Exercise inputs ::
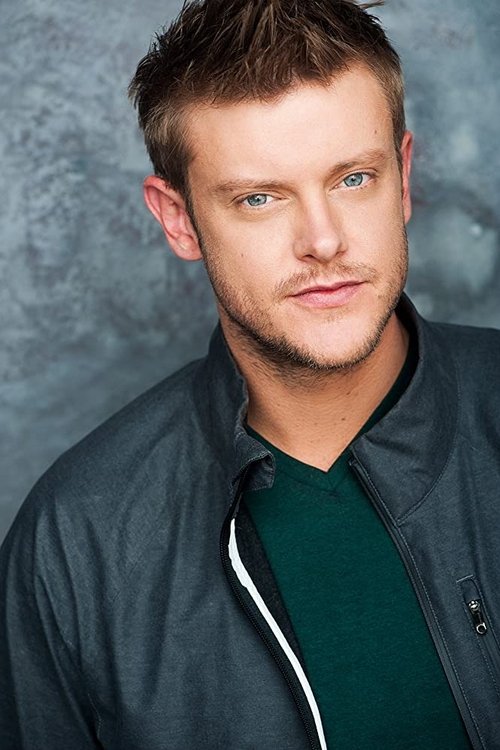 Dane Davenport as Derek Hogue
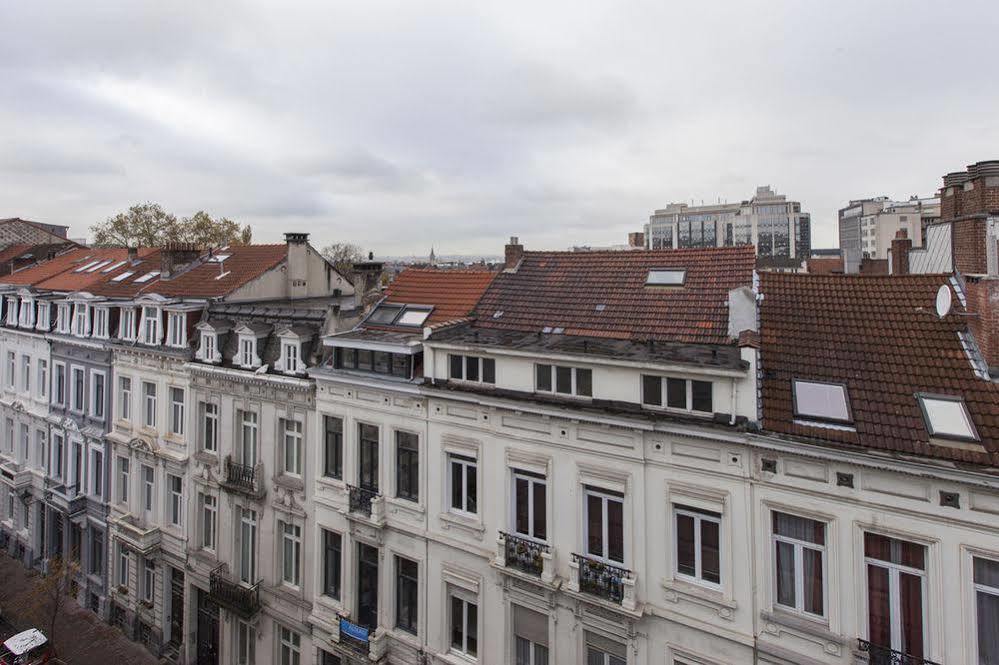 Apartment Chic Suisse Flat - Metro Louise *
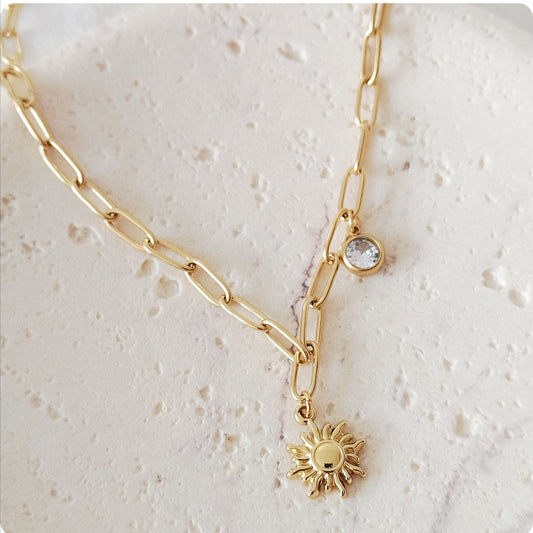Collier doré avec soleil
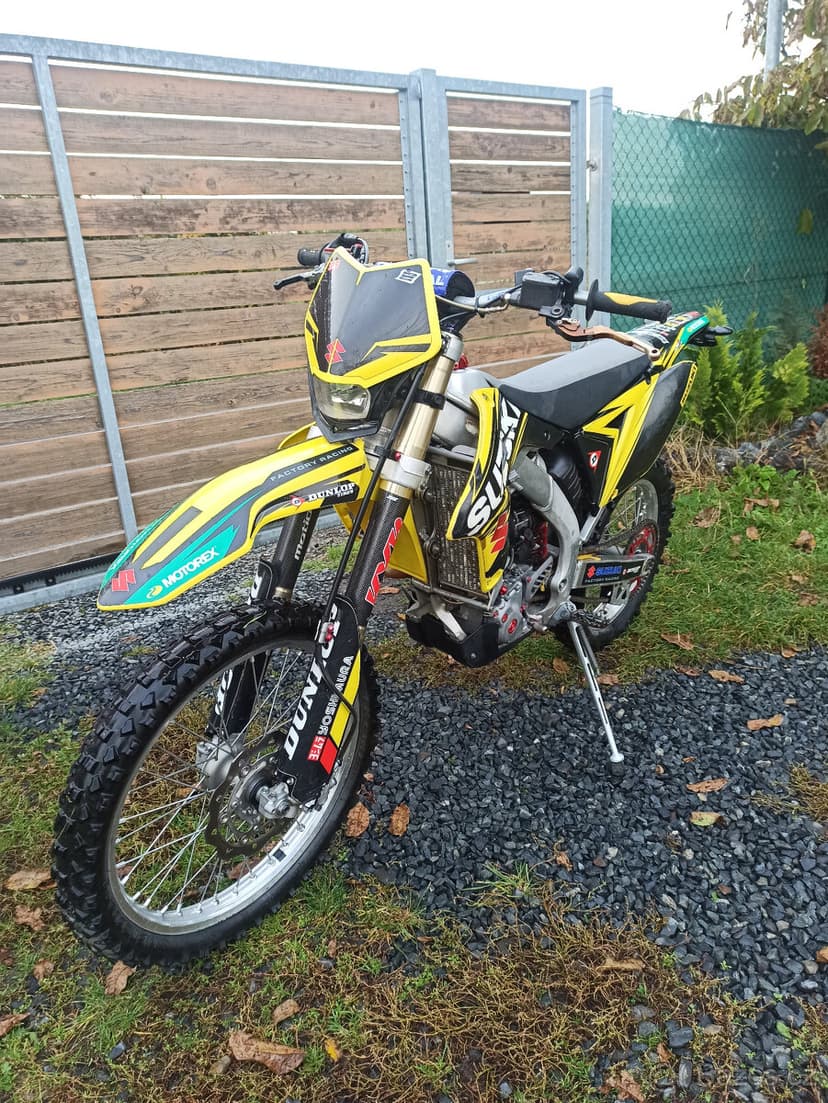 Suzuki RMZ 250 R.V.2015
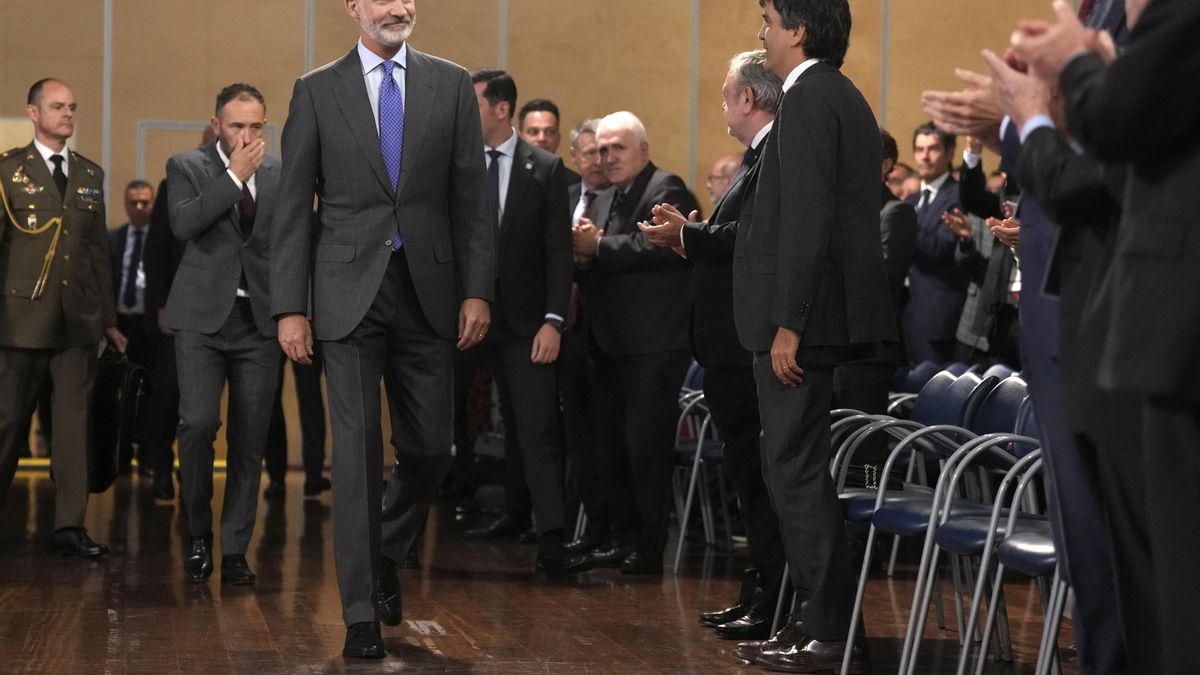 El rey en el XXI Congreso de directivos CEDE, celebrado en el BE de Barakaldo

Work instructions ::
Everything from the line with "Suzuki RMZ 250 R.V.2015" through the end of the records above, both ends included, is to be reproduced exactly, and nothing outside that span; the pictures are to be dropped.

Reply ::
 Suzuki RMZ 250 R.V.2015
 El rey en el XXI Congreso de directivos CEDE, celebrado en el BE de Barakaldo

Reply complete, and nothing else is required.